La Vierge et l’Enfant sont représentés dans un superbe intérieur d’église gothique éclairé par la lumière filtrée du soleil à travers des fenêtres à claire-voie et un portail latéral. Cet éclairage perfectionné et nuancé est obtenu grâce aux propriétés de la peinture à l’huile. Van Eyck fait même apparaître des reflets de lumière sur les murs et le sol de la nef. Cependant, la source de lumière est volontairement orientée de manière non naturelle. Le musée explique que « toutes les églises gothiques étaient toujours orientées vers l’est avec leurs chœurs, vous verrez que dans notre tableau, la lumière du soleil n’entre pas dans l’église par le sud, mais, contrairement à la réalité, par le nord. Il ne s’agit donc pas de lumière naturelle, mais de lumière éternelle ». Tout comme Campin, Van Eyck a utilisé une licence artistique magistrale au service de son objectif pictural.

Van Eyck représente Marie de manière monumentale.
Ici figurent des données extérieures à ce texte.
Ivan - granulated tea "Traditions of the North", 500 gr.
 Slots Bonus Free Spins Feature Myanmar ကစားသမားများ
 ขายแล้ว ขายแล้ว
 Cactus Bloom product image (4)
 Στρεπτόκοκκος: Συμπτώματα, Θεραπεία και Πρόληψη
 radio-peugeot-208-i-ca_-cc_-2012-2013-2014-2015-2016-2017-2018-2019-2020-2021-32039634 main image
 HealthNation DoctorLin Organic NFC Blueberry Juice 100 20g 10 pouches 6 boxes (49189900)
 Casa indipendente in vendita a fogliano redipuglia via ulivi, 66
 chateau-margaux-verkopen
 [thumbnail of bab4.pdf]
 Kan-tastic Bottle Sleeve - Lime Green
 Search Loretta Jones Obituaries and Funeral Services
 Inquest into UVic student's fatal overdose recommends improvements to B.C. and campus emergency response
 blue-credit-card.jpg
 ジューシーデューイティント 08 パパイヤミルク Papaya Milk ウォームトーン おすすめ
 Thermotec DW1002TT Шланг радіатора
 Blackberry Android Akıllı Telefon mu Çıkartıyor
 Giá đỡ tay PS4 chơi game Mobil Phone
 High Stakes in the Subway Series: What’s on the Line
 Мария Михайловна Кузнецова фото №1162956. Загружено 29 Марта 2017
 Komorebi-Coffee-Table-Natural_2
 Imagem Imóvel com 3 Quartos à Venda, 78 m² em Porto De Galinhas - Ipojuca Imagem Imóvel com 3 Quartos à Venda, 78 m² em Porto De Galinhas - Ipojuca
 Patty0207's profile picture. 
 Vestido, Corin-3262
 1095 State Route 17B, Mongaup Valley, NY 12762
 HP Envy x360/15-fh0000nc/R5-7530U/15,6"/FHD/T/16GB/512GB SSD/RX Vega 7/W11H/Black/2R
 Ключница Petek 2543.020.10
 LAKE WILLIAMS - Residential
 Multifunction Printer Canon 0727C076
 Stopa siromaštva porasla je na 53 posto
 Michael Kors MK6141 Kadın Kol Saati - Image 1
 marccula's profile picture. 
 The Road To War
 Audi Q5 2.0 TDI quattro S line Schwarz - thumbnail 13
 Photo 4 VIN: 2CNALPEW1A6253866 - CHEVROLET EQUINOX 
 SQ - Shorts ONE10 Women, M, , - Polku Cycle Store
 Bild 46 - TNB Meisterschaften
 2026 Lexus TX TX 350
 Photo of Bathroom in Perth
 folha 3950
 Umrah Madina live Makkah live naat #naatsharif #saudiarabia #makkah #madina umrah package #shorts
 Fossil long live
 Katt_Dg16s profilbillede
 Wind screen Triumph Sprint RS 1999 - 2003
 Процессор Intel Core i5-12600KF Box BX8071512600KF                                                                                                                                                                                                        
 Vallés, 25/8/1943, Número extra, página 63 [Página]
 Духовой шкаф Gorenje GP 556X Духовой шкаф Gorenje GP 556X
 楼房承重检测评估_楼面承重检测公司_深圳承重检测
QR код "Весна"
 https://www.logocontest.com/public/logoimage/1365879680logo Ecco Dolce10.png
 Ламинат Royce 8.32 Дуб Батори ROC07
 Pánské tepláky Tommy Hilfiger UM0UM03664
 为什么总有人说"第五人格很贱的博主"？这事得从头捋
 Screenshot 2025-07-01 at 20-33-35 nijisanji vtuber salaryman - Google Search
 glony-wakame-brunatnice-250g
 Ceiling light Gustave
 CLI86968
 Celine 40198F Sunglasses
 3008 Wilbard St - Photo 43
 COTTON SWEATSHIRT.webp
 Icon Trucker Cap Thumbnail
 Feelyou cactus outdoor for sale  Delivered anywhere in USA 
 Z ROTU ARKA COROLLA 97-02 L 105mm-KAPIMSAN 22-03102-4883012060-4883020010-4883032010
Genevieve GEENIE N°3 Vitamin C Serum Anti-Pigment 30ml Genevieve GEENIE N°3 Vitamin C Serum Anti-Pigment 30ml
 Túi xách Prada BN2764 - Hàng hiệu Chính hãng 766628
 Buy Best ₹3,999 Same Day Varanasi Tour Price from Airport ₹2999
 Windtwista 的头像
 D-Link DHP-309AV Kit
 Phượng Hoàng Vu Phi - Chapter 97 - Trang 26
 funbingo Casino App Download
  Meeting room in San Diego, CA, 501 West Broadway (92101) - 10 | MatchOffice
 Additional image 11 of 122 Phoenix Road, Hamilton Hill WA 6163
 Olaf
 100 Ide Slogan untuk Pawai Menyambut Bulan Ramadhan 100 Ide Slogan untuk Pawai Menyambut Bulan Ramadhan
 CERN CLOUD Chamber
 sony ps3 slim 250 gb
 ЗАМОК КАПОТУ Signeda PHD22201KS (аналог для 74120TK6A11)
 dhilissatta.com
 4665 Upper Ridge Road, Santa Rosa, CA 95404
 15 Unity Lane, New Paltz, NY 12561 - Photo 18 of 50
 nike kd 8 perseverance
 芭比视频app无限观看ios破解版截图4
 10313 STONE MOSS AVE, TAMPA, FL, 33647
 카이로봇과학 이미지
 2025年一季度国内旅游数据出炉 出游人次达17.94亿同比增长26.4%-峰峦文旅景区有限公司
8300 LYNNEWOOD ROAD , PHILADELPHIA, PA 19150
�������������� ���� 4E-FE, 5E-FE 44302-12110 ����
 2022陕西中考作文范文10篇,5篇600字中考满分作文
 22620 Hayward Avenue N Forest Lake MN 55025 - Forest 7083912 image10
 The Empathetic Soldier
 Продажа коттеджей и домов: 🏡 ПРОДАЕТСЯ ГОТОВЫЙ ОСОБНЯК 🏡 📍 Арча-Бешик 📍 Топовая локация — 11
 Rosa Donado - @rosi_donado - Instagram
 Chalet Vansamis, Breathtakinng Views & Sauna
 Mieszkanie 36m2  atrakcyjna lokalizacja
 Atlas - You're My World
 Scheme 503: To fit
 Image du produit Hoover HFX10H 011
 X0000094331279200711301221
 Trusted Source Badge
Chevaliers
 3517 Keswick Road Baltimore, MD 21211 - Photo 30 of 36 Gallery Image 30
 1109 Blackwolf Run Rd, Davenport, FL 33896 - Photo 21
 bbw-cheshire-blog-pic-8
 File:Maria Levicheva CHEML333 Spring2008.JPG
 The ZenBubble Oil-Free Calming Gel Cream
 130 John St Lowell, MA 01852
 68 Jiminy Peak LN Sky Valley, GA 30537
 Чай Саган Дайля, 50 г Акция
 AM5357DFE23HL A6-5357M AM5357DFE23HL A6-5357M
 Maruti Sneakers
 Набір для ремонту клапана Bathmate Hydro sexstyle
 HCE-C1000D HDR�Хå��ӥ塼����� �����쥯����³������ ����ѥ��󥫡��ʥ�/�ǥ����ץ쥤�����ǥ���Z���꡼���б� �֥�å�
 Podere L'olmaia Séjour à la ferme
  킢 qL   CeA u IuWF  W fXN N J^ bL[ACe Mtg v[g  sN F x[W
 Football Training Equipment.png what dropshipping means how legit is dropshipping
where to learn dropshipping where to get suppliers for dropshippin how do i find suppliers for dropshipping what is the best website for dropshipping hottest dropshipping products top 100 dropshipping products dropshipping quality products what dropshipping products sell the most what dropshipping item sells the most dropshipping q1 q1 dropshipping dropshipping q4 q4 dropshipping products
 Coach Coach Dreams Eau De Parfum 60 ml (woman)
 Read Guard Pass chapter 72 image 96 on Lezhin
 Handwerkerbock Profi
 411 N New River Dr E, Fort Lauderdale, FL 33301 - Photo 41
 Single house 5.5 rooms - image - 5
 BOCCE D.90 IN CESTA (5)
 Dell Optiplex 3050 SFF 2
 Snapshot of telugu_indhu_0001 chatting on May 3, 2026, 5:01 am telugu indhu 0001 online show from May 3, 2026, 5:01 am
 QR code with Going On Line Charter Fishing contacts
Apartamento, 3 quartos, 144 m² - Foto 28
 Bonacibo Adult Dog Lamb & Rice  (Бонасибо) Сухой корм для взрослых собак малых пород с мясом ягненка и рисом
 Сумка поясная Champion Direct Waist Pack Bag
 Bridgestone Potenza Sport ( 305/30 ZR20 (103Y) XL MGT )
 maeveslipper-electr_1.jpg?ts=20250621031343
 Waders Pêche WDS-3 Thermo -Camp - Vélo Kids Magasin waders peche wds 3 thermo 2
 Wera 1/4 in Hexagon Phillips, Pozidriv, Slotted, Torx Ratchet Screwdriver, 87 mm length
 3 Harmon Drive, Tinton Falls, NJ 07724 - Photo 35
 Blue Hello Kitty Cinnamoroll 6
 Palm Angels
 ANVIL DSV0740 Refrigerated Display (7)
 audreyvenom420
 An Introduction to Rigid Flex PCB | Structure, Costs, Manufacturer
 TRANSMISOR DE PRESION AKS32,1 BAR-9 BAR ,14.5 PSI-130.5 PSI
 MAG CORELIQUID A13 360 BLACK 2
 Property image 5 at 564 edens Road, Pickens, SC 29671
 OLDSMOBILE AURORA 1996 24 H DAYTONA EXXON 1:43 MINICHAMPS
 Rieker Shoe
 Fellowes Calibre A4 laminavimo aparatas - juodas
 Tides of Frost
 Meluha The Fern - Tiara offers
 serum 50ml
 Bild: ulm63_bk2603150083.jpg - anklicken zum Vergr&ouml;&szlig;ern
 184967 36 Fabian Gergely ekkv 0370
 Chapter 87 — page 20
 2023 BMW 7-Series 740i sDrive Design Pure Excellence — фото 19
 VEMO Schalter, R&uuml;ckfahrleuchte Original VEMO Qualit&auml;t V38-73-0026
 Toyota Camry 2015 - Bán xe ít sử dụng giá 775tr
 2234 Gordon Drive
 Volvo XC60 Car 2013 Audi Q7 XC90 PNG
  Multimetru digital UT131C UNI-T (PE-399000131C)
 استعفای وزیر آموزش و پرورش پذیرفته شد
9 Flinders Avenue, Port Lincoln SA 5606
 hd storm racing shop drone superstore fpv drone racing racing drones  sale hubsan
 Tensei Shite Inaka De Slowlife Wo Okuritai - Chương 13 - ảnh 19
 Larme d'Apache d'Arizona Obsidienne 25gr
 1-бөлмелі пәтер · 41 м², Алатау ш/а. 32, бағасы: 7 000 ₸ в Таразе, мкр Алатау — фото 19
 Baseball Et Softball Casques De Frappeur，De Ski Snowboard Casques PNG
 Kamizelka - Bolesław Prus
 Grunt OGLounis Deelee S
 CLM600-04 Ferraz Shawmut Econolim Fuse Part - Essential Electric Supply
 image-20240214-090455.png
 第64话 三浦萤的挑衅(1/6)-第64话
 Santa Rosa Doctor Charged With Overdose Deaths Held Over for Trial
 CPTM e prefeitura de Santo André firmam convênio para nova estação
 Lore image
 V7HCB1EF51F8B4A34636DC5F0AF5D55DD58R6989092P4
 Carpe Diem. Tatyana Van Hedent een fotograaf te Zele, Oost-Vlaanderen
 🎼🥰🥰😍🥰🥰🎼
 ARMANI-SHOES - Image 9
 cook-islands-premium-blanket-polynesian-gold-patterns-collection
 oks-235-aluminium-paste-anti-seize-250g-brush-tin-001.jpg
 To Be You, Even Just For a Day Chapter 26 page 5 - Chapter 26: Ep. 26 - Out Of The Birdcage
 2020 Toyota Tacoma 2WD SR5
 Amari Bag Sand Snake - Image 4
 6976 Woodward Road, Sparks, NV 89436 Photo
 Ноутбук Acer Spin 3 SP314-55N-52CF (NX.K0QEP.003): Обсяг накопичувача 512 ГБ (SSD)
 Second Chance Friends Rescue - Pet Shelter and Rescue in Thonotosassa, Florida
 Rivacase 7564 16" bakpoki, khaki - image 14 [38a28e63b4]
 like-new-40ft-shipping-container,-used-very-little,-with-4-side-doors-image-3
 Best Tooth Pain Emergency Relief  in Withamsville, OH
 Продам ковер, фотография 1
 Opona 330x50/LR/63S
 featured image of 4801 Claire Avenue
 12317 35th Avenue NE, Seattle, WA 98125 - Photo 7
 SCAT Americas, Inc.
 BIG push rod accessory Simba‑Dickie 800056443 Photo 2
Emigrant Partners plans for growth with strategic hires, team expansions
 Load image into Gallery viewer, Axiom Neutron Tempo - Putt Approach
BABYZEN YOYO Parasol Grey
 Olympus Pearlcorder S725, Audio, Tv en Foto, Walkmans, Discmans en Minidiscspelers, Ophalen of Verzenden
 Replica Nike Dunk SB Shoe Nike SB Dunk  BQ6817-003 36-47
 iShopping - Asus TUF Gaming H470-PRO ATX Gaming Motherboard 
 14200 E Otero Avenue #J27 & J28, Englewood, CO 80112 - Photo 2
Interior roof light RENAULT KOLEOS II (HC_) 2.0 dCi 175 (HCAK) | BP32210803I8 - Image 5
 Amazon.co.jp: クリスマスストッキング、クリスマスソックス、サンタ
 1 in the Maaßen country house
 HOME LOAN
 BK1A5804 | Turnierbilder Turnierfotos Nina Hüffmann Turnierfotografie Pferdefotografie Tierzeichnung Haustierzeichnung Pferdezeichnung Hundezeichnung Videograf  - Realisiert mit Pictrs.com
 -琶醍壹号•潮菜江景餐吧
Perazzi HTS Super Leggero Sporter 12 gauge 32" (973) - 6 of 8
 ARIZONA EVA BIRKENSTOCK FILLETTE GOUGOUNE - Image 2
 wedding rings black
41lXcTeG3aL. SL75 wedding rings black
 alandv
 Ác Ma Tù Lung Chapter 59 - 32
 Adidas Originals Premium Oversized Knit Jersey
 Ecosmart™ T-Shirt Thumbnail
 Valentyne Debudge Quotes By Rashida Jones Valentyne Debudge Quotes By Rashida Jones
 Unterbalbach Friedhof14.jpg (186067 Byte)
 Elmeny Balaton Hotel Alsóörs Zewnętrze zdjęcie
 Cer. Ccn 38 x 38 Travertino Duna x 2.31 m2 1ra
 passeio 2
Elle domine les pilastres et les autres éléments architecturaux. Cette représentation à l’échelle irréaliste souligne son caractère surnaturel. Derrière elle, une niche avec des bougies allumées abrite une sculpture de la Vierge et de Jésus, peinte de manière à ressembler à une véritable sculpture. La juxtaposition d’une Vierge à l’Enfant en pierre et d’une Vierge à l’Enfant humaine donne l’impression d’un miracle animé.

Le travail des premiers peintres néerlandais continue d’étonner les spectateurs. Ces artistes ont utilisé des techniques virtuoses de peinture à l’huile pour dépeindre des compositions expressives avec des détails étonnamment réalistes. Le naturalisme des chefs-d’œuvre de Campin et de van Eyck brouille la frontière entre le plan pictural et la réalité de l’observateur, ce qui permet d’approfondir le sentiment d’appartenance.